3rd Time's the Charm! Guess who can finally make a Japanese Strawberry Shortcake?

After 2 fails, I thought that I would never master this recipe and settled for another simpler but similar Italian sponge cake recipe. I kinda gave up trying because this cake requires you to buy strawberries and heavy cream, and then if you fail, you are stuck with a large box of strawberries. I don't particularly like eating strawberries as is (too sour for me), and they're quite pricey. So, whenever I open my fridge after a failed baking attempt and see them I just feel as if they are taunting me. =(

But Rena's birthday came around during my graduation, and she requested that I make a cake for her. So I gave it another shot, this time with mom's help. During the process, Mom did everything counter intuitive to me. Heck, she didn't even LOOK at the recipe! She just asked me a few questions and then started preparing things on her own. And then instructed me to do things DIFFERENTLY than what the recipe called for. I was retaliating and frantically making a point about how baking has to be exact since it's chemistry, and recounting all my failed attempts from not following the recipe to a T.

Of course, this made absolute sense in my head even though she's a pro baker and the BEST baker I know in both Kuching and in California. Her pastries way surpass even the popular 85 degree bakery here! No doubt I should just trust her. But no, I was so adamant the cake would fail because I wasn't following the recipe. She must be thinking of a different one, she dismissed it after all! And yet people think they'll trust in God once they see a miracle. LOL. #nooblogic

Being the "good" daughter that I was, I did everything she told me while protesting all the way, and this time, the cake actually rose! I was beyond excited, because all my previous attempts never rose and were super dense! I guess I finally learned the correct way to fold batter. Still, the cake was very lopsided because we didn't have the correct pan size and height, so we made do by trying to build our own "wall" around the pan using parchment paper. Let's just say instead of a nice, round tall cake, we got a nice, round, tall but tapered cake. Hahahaha. But I got it right!
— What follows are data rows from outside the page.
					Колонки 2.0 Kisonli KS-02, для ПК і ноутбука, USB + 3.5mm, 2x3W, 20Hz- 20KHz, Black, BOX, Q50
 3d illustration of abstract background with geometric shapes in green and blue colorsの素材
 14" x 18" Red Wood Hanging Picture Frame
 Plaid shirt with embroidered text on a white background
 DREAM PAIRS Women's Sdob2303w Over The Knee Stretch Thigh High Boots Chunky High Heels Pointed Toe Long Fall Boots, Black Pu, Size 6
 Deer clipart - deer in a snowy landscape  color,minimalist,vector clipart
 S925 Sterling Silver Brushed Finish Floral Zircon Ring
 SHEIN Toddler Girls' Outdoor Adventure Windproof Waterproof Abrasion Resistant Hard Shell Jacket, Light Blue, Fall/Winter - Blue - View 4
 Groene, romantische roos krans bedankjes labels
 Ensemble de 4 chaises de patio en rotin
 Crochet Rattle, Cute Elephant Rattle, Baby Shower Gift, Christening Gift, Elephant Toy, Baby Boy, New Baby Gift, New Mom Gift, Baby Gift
3rd time's really the charm, eh?

Anyway, since I got it right with mom's supervision, I decided to try it a 4th time on my own. So I made a mini one. 6 inches diameter:


And it turned out gorgeous! Super duper happy now! I have successfully baked a Japanese strawberry shortcake!

I learned quite a few things in the process:
  • always level your cake before icing. 
  • removing the crust layer (if slightly overbaked) will give the cake a softer texture.
  • let cake stand overnight before slicing and icing to reduce crumb fallout 
  • letting sponge cake cool directly in the pan keeps it moist
  • not all ovens are created equal, so baking times can vary a lot! (Sigh. Going to move out soon and have to figure out my new oven's setting and quirks all over again.)
  • Despite the science behind baking, the recipes are more forgiving than I thought, so long as I understand the basis behind each step.

Who knew baking was so difficult. But I've come to appreciate it a lot more now! Guess who's going to get strawberry shortcake for their birthdays this year? Everyone! Hahahahaha.